__TASK INSTRUCTIONS__.
The required output is the exact run of lines from the one bearing "Eisenach, Deutschland. 06." through the final line of the listing below, with the pictures removed.

__THE DATA__.

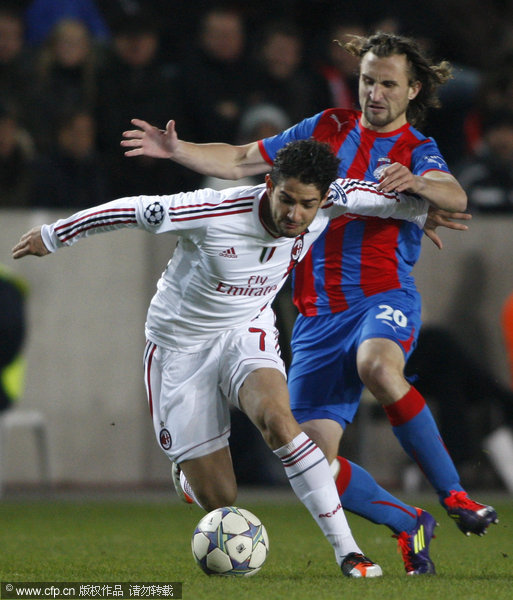  Petr Jiracek (right) of Plzen challenges for a ball with Pato (left) of AC Milan during their UEFA Champions League group H soccer match at Synot Tip Arena, in Prague, Czech Republic, on December 6, 2011.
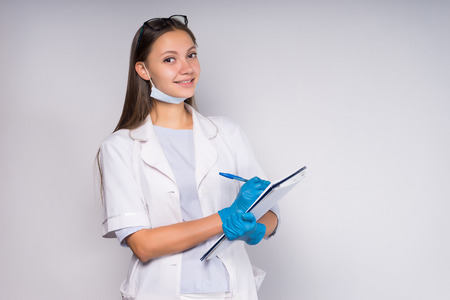smiling pleasant girl in medical gown records patient dataの写真素材
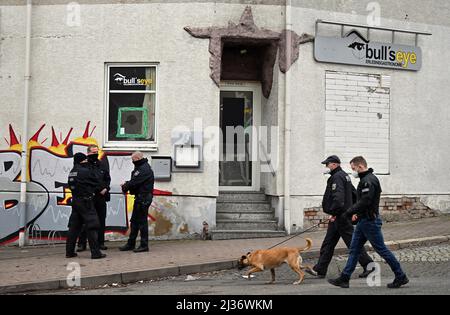 Eisenach, Deutschland. 06. April 2022. Polizeibeamte stehen vor dem Pub „Bull's Eye“. Die Ermittler haben seit dem Morgen Maßnahmen gegen mutmaßliche Rechtsextremisten ergriffen. Vier Personen aus dem Umfeld einer Kampfkunstgruppe in Eisenach seien verhaftet worden, sagte eine Sprecherin der Bundesanwaltschaft in Karlsruhe am Mittwoch. Quelle: Martin Schutt/dpa/Alamy Live News Stockfoto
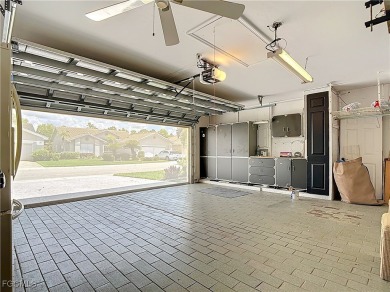 This well-maintained Villareal model home sits directly on the on Herons Glen Golf and Country Club in Florida - for sale on GolfHomes.com, golf home, golf lot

__FINISHED EXERCISE__.
 Eisenach, Deutschland. 06. April 2022. Polizeibeamte stehen vor dem Pub „Bull's Eye“. Die Ermittler haben seit dem Morgen Maßnahmen gegen mutmaßliche Rechtsextremisten ergriffen. Vier Personen aus dem Umfeld einer Kampfkunstgruppe in Eisenach seien verhaftet worden, sagte eine Sprecherin der Bundesanwaltschaft in Karlsruhe am Mittwoch. Quelle: Martin Schutt/dpa/Alamy Live News Stockfoto
 This well-maintained Villareal model home sits directly on the on Herons Glen Golf and Country Club in Florida - for sale on GolfHomes.com, golf home, golf lot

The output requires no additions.